Problem requirements: Beginning with the line containing "Iva Sax в красивом", transcribe every line exactly down to the last one in the records below, and drop the pictures.

Record excerpts:
Content starts

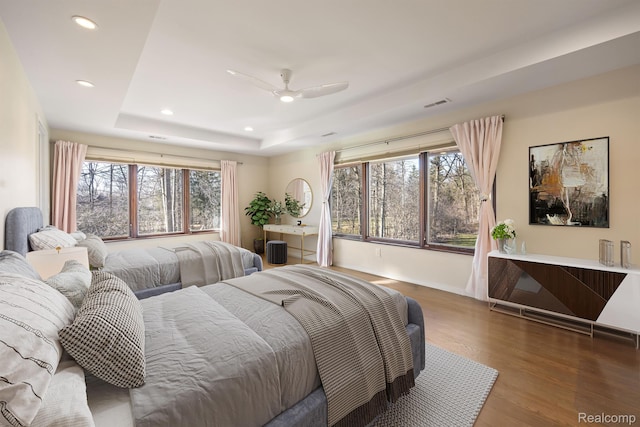 1000 Forest Ln, Bloomfield Hills, MI 48301 - bedroom featuring a tray ceiling, wood finished floors, multiple windows, recessed lighting, and ceiling fan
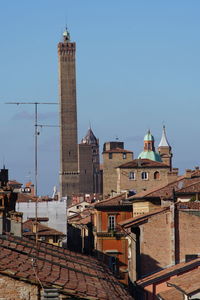 View of buildings in city against clear sky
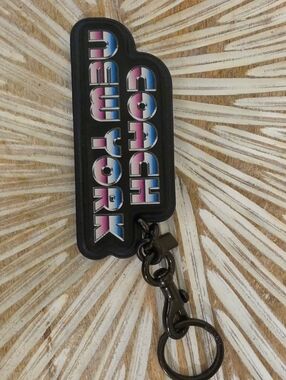 Coach Black Logo Keychain with Blue-Pink Gradient Lettering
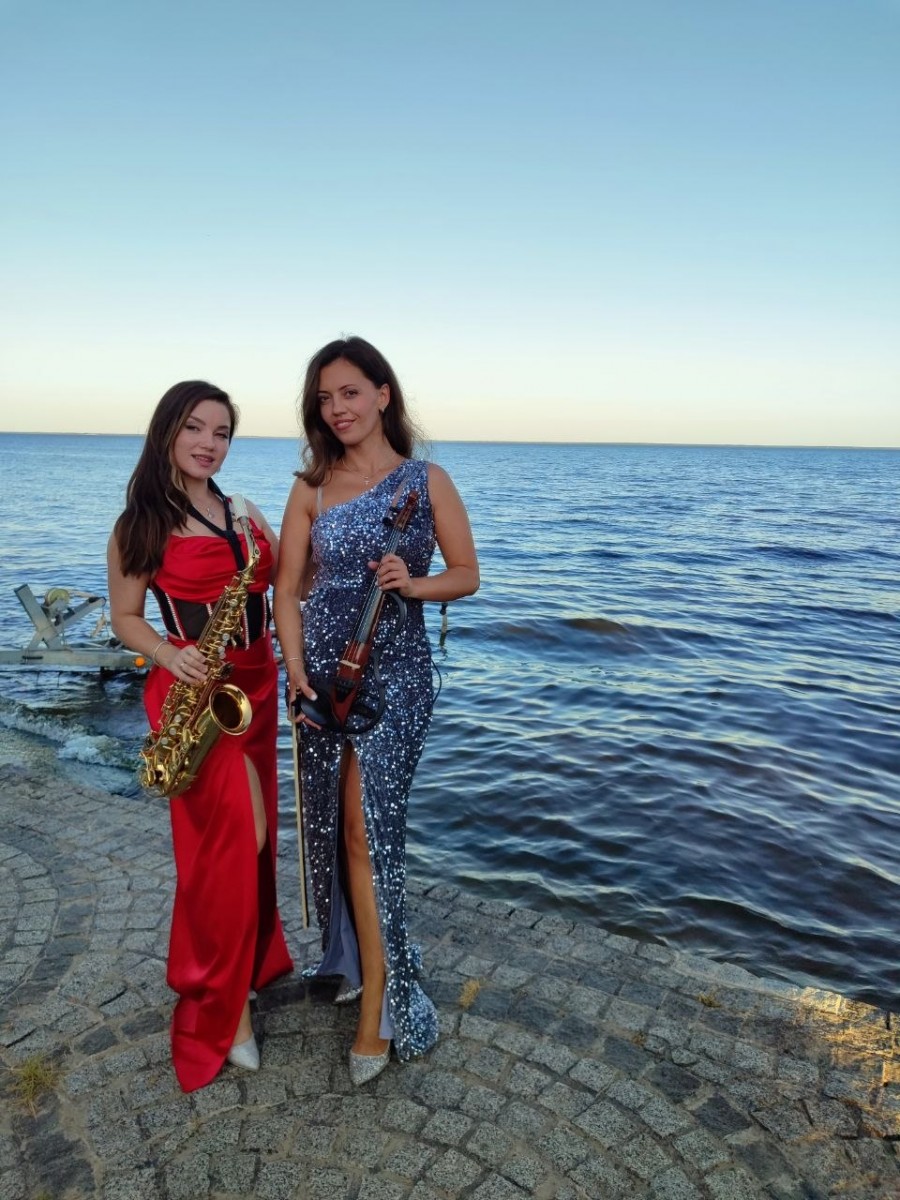 Iva Sax в красивом красном концертном платье играет на золотистом саксофоне на живописной площадке среди хвойных деревьев возле Киевского моря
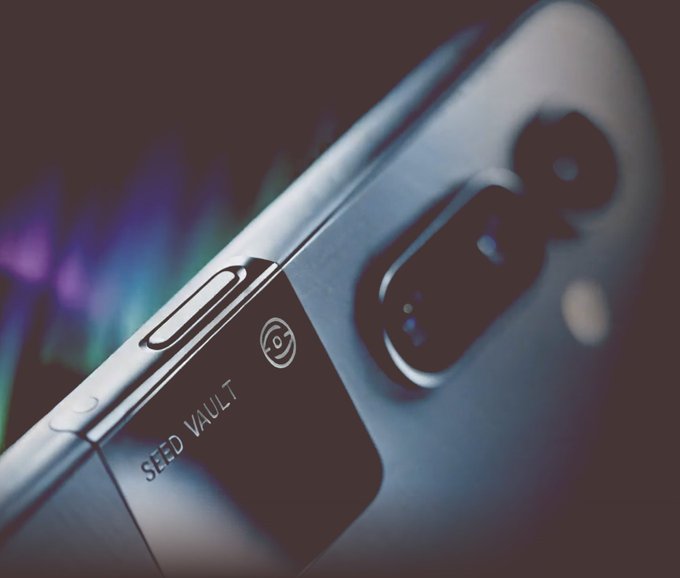 A close-up product photograph of a smartphone featuring a dual-camera module and a 'SEED VAULT' label with a small logo on its metallic body, set against a blurred iridescent background.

Content ends

Written answer:
 Iva Sax в красивом красном концертном платье играет на золотистом саксофоне на живописной площадке среди хвойных деревьев возле Киевского моря
 A close-up product photograph of a smartphone featuring a dual-camera module and a 'SEED VAULT' label with a small logo on its metallic body, set against a blurred iridescent background.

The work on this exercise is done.